Psicol. pesq. vol.14 no.spe Juiz de Fora  2020

http://dx.doi.org/10.34019/1982-1247.2020.v14.30399 

Discriminação ículos por observadores parados

 

Discrimination of vehicle speeds by stationary observers

 

Discriminación de velocidades de vehículos por observadores estáticos

 

 

Bruno Araújo FariaI; Ricardo KamizakiII

IUniversidade Federal de Juiz de Fora - UFJF. E-mail: bafaria@terra.com.br ORCID: https://orcid.org/0000-0002-8858-6696
IIUniversidade Federal de Juiz de Fora - UFJF. E-mail: rkz57@uol.com.br ORCID: https://orcid.org/0000-0002-9720-9411

 

 


RESUMO

A percepção de movimento é objeto de estudo da psicofísica, entretanto há poucos estudos em situações naturalísticas ou que utilizam veículos reais. Investigamos como as pessoas percebem a velocidade de veículos em situações naturais. Observadores estáticos foram solicitados a determinar a velocidade de um veículo real em movimento. Os resultados demonstraram acurácia nas estimativas das velocidades dos veículos, independente do sexo do participante e de possuir ou não habilitação. O expoente da função-potência associado a esta dimensão foi de 1,31, mostrando tendência à superestimativa com o aumento da velocidade física, indicando que não há linearidade na percepção de velocidades de veículos por observadores estáticos.

Palavras-chave: Psicofísica sensorial; Percepção visual; Percepção de velocidade.


ABSTRACT

The perception of movement is an object of study of psychophysics, however there are few studies in naturalistic situations or using real vehicles. We investigated how people perceive vehicle speed in natural situations. Static observers were asked to determine the speed of a real moving vehicle. The results showed accuracy in the estimates of vehicle speeds, regardless of the participant's gender and whether or not they are licensed. The exponent of the power-function associated with this dimension was 1.31, showing a tendency to overestimate with increasing physical speed, indicating that there is no linearity in the perception of vehicle speeds by static observers

Keywords: Sensory psychophysics; Visual perception; Speed perception.


RESUMEN

La percepción del movimiento es objeto de estudio de la psicofísica, sin embargo, existen pocos estudios en situaciones naturalistas o utilizando vehículos reales. Investigamos cómo personas perciben la velocidad del vehículo en situaciones naturales. Se pidió a observadores estáticos que determinaran la velocidad de vehículos en movimiento real. Los resultados mostraron precisión en las estimaciones de la velocidad, independientemente del género del participante y si tiene licencia o no. El exponente de la función de potencia asociado con esta dimensión fue 1.31, mostrando una tendencia a sobreestimar con el aumento de la velocidad física, lo que indica que no existe linealidad en la percepción de la velocidad del vehículo por parte de los observadores estáticos.

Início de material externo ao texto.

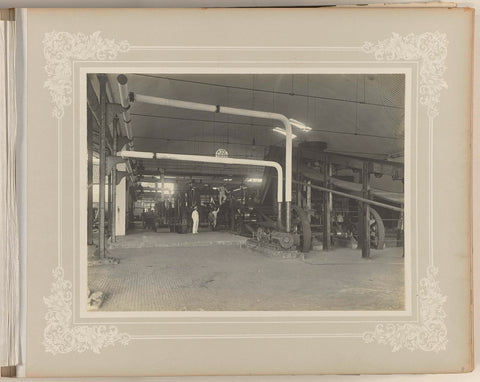 Machinehal in de suikerfabriek, O. Hisgen & Co. (possibly), 1890 - 1910 Canvas Print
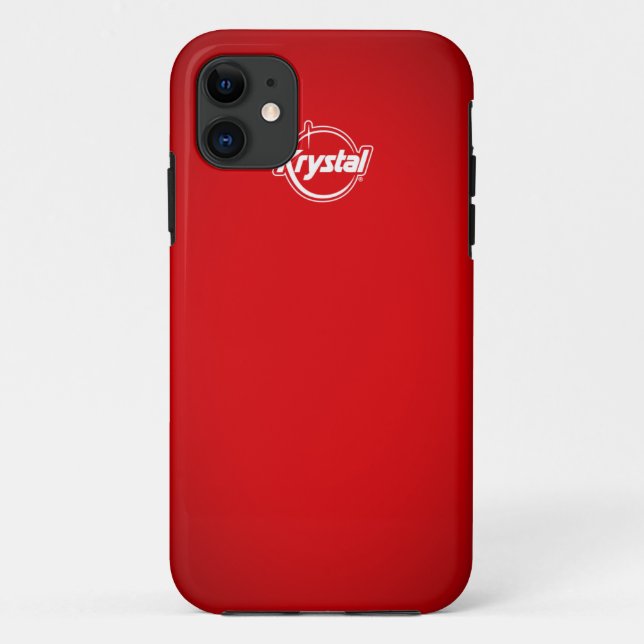 Coque Case-Mate iPhone Coque iphone de rouge de Krystal (Dos)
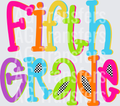 FIFTH GRADE COLORFUL CHECKERED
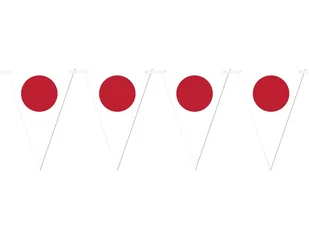 Congee.pl Baner wiszący Flaga Japonii - 5 m - Dekoracje sali - miniaturka - grafika 1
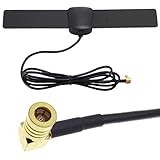 DAB+ Aktiv Scheibenantenne Klebeantenne Antenne mit 3 Meter Antennenkabel und SMB Stecker Adapter für DAB Radio Autoradio KFZ LKW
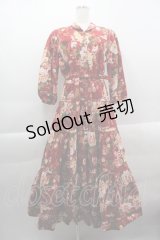 PINK HOUSE / フラワー総柄半袖ワンピース  レッド I-25-03-29-092-LO-OP-HD-ZI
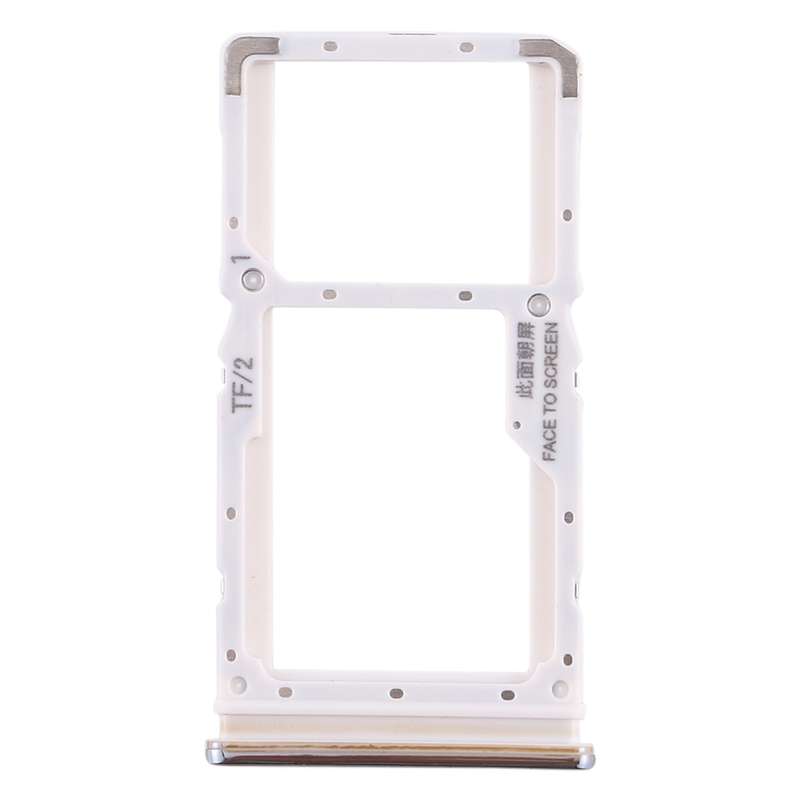 SIM Card Tray + SIM Card Tray / Micro SD Card Tray for Xiaomi Redmi Note 8 Pro (Green)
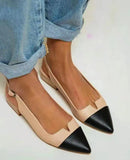 Woman Shoes Beige Heeled Sandals Round Toe Shallow Mouth Original Black Comfort Girls Closed Low Basic PU Neutral Back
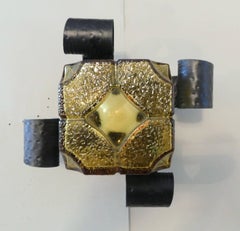 Set of 3 Brutalist Murano Sconces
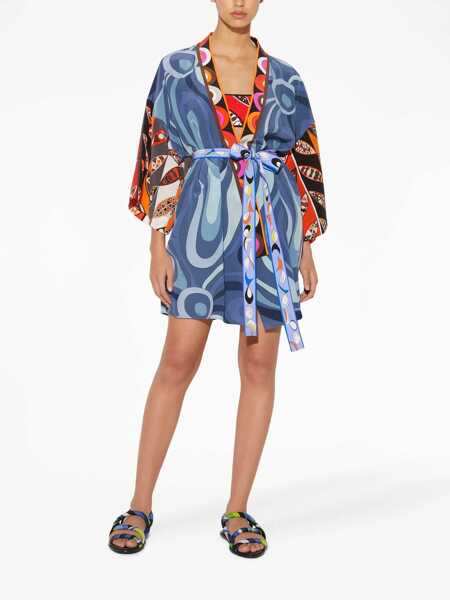 Geci PUCCI Pucci Printed Silk Night Gown BLUE Femei (BM 14416863) 2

Palabras clave: Psicofísica sensorial; Percepción visual; Percepción de velocidad.


 

 

A sobrevivência dos organismos depende fundamentalmente dos processos perceptivos destes em relação ao ambiente que os rodeia. Desta maneira, os estímulos recebidos externamente devem ser captados pelos órgãos sensoriais e, passando pela consciência, devem formar uma representação do ambiente de modo a proporcionar uma representação mental adaptativa do meio exterior. E, conforme a afirmação de Baird (1997), tais estímulos físicos externos são quantificáveis e possuem variações dimensionais como: concentração química, som etc., o que sugere que podem ser medidos e estudados.

O mais complexo sistema perceptual humano é a visão. Só para ter-se uma ideia, o nervo auditivo humano possui cerca de 30.000 fibras enquanto o nervo óptico possui aproximadamente 1.000.000 delas (Wurtz & Kandel, 2000). A função principal da visão humana é construir uma imagem representacional dos objetos do ambiente a partir das informações extrínsecas ao organismo que são transformadas em impulsos nervosos. Estas informações do ambiente, que são o caso da visão, essencialmente: contraste, movimento, detalhes, forma, cor, profundidade etc., são compiladas, codificadas e analisadas em processos corticais, sendo posteriormente associadas à memória e também às informações recebidas pelos outros sentidos para, então, serem sintetizadas resultando no mundo que percebemos (Araújo, 2014).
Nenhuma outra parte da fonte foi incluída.